By Tracey Rauh Solomon
Lu Ann Reeb is president of Skyways Communications, a new media marketing firm in Norwood.
Prior to founding her company 10 years ago, Reeb was an Emmy award-winning executive producer who worked in television news for more than 20 years.
As a TV journalist, she produced nightly news programs and documentaries and covered a wide range of news stories. With Skyways Communications, she uses that experience to help businesses tell their stories.
Q: It's no secret that this is a challenging economy — for any sized business. What are some of the ways you counsel people to get their message out and not only survive, but thrive?
A: What I tell my clients, what I ask my clients, is really simple: What is your audience? What is your message? And once we have identified this, then, where are they? ... Are they on the Internet? Are they on iTunes? Are they on Facebook? Are they searching through Google and various search engines?
Once we define the audience, the message — story, and how you reach that audience, then we are able to develop a strategy. It's the same strategy for any size business.
Q: To be clear, you do not create Web sites, but rather content to go along with?
A: Right. Just about every business has a Web site and the problem is that people think because I have a Web site I'm all set.
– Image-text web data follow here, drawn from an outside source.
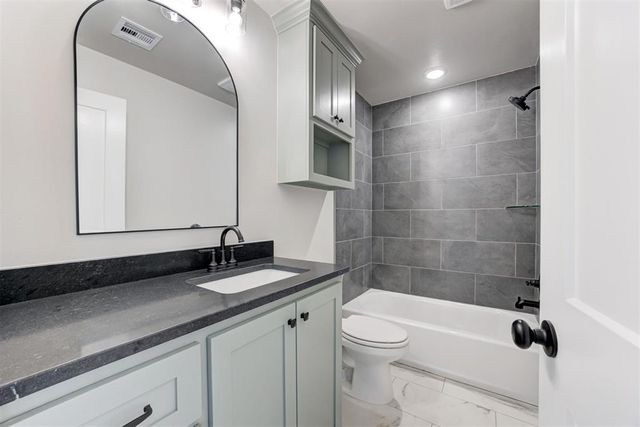 8655 Kayce Street, El Reno, OK 73036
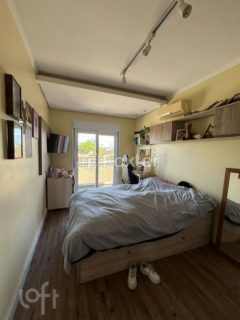 Image 22 - 1039178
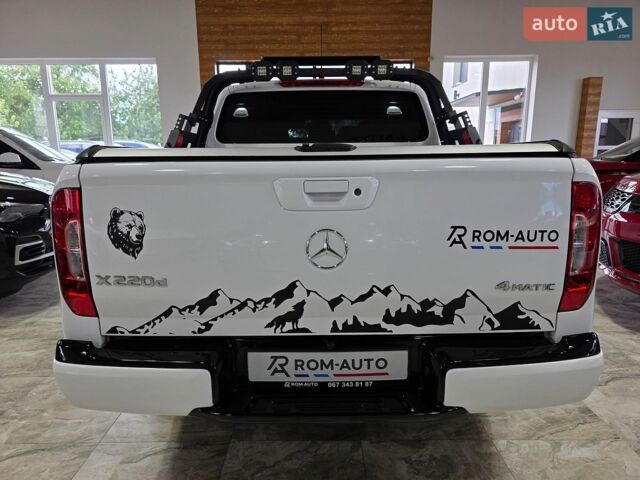 Белый Мерседес X-Class, объемом двигателя 2.3 л и пробегом 178 тыс. км за 39999 $, фото 9 на Automoto.ua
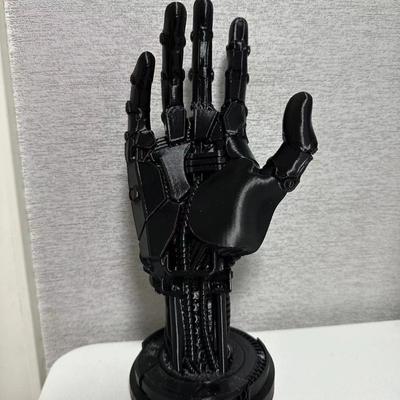 Cyberpunk Black Mechanical Hand Desktop Stand Game Controller Holder Ring Display Rack Photography Prop Home Decor Gift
Well, not necessarily so. ... You have to work at technology that will allow your business to be found. And not necessarily spending thousands and thousands of dollars. There are lots of strategies that don't cost a lot of money.
Q: Can you give an example?
A: You can write a blog that's associated with your Web site ... If you write a blog, you become the expert. And people like to listen to experts when they are looking for a product.
If the Web site is your foundation, you have to think peripherally. How can I drive people to my Web site — just like you would try and drive people to your brick and mortar, to your store.
Q: So I am a small businessperson. I own three convenience stores in the Merrimack Valley. I have a Web site. I want to compete better. I want to know how to spend my advertising dollars. What advice would you give to me?
A: You look at how you have marketed and advertised in the past. Maybe you have purchased an ad in a newspaper and that has worked very successfully. ... I would say to that client, don't stop buying that ad in the newspaper because it has worked for you. Rather, you want to add prospective clients. Maybe you do a media buy online with that paper ...
You can also be creative about how you use that ad. I am a big fan of re-purposing content. Let's say that store has an ad in the paper and online with the newspaper. Well, maybe you add a new media piece. So online you can have a click-through to a coupon, to an audio message, a 30-second commercial. ... You look at what you have and build on it incrementally in the most economical way.
Q: Is it more important or less important in an economy like this to continue to budget ad dollars?
A: I would say to any business owner of any size that a down economy is the time when you need to advertise, market and promote even more. Your clients and your customers are cutting back, too. So you really need to try harder to reach them.